### Directions for this task
Return the entire listing, word for word.

### Record set
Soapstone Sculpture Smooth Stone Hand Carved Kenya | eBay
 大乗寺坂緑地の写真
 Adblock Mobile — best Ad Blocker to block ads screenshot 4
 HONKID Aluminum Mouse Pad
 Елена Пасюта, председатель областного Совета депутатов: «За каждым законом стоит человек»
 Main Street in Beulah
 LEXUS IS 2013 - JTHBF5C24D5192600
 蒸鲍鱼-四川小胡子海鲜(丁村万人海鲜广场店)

### Task response
Soapstone Sculpture Smooth Stone Hand Carved Kenya | eBay
 大乗寺坂緑地の写真
 Adblock Mobile — best Ad Blocker to block ads screenshot 4
 HONKID Aluminum Mouse Pad
 Елена Пасюта, председатель областного Совета депутатов: «За каждым законом стоит человек»
 Main Street in Beulah
 LEXUS IS 2013 - JTHBF5C24D5192600
 蒸鲍鱼-四川小胡子海鲜(丁村万人海鲜广场店)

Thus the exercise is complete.